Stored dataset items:
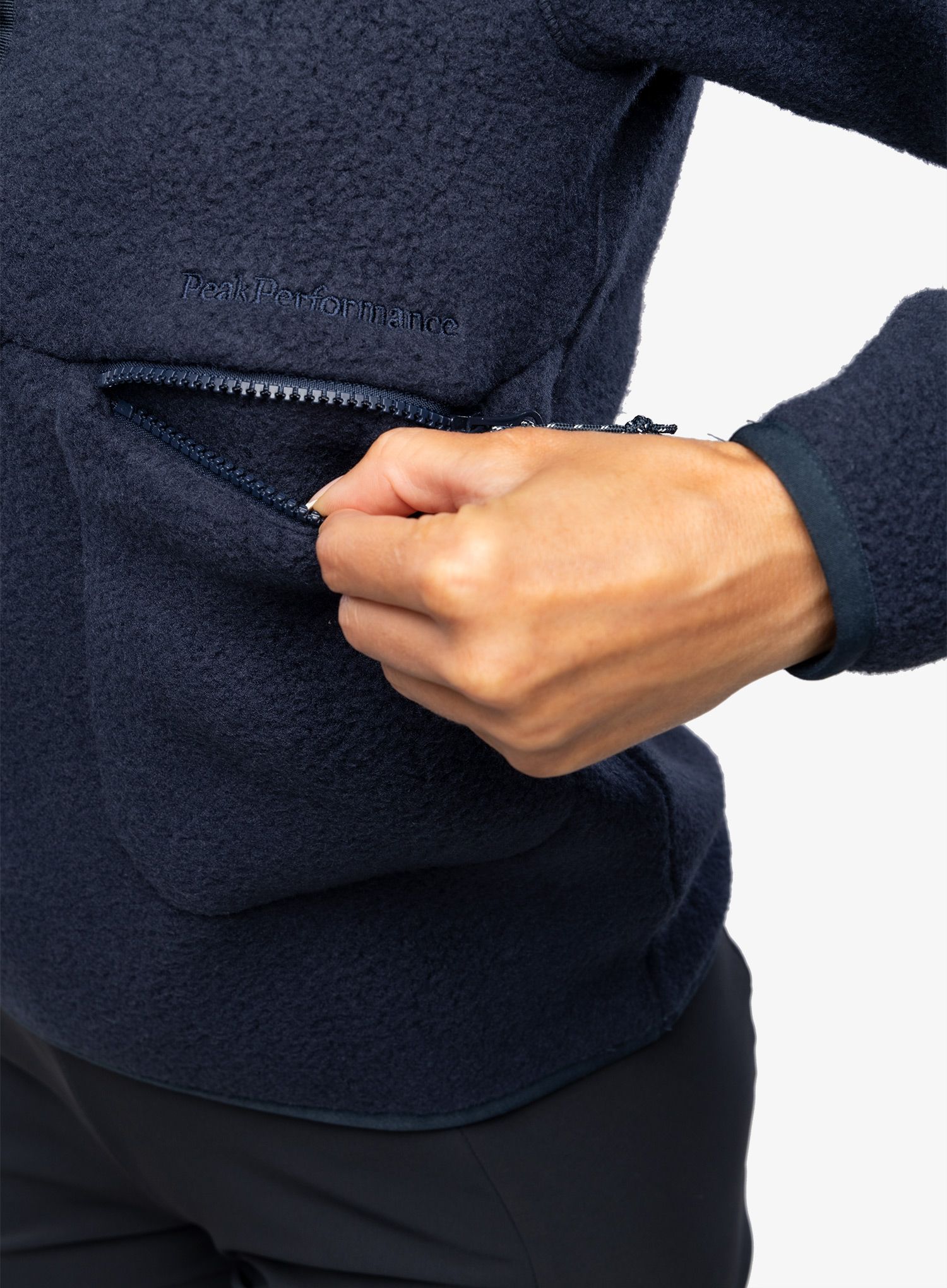 Ženska jakna od flisa Peak Performance Fleece Snap T-Neck - blue shadow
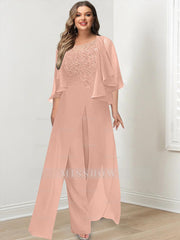 Plus Size Mother of the Bride A-Line/Princess Jumpsuit with Jacket Floor-Length Design Side Split & Appliques
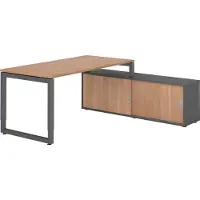 Hammerbacher Schreibtischkombi 160x80cm, Nussbaum/Graphit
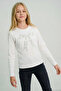 Girl's Long Sleeve T-Shirt with Pearls and Sequin Bow Embroidery, Ages 9-14, White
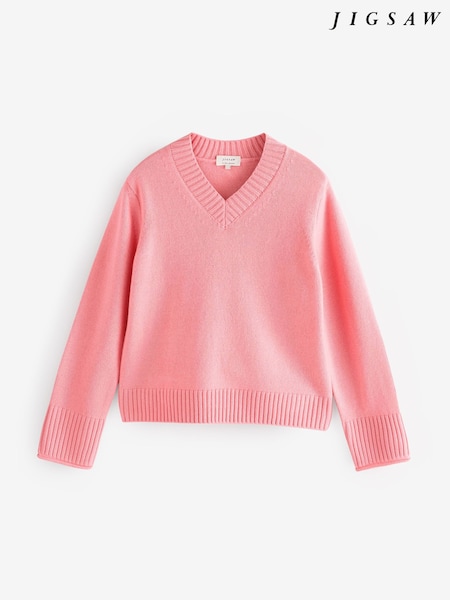 Jigsaw Pink Wool Cashmere Blend V-Neck Jumper (F52913) | €76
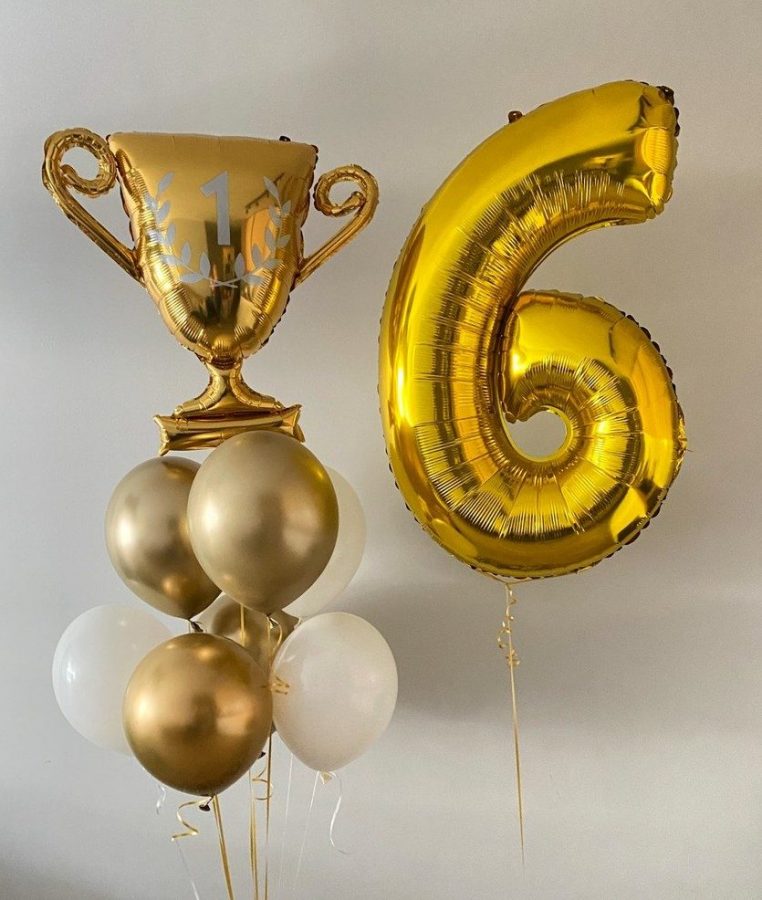 Balon foliowy puchar, cyfra oraz gumowe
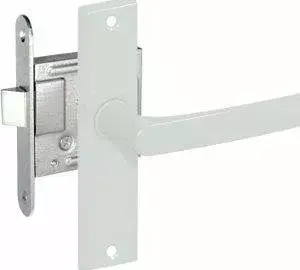 KURZEMES 200Z-35822/2 Door Lock with White Cover Plates and Handles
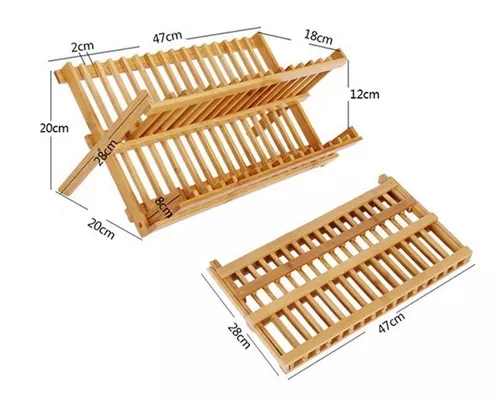 Escurreplatos Escurridor De Platos Madera Bambú Plegable Cocina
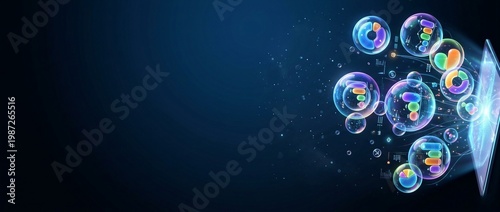 Surreal holographic workspace with 3D cartoon bubble screens on far right, deep space blue empty void on left for clean text overlay and banner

AIM OF THE TASK >> The complete set of records should be written out again, pictures excluded.

YOUR SOLUTION >>
 Ženska jakna od flisa Peak Performance Fleece Snap T-Neck - blue shadow
 Plus Size Mother of the Bride A-Line/Princess Jumpsuit with Jacket Floor-Length Design Side Split & Appliques
 Hammerbacher Schreibtischkombi 160x80cm, Nussbaum/Graphit
 Girl's Long Sleeve T-Shirt with Pearls and Sequin Bow Embroidery, Ages 9-14, White
 Jigsaw Pink Wool Cashmere Blend V-Neck Jumper (F52913) | €76
 Balon foliowy puchar, cyfra oraz gumowe
 KURZEMES 200Z-35822/2 Door Lock with White Cover Plates and Handles
 Escurreplatos Escurridor De Platos Madera Bambú Plegable Cocina
 Surreal holographic workspace with 3D cartoon bubble screens on far right, deep space blue empty void on left for clean text overlay and banner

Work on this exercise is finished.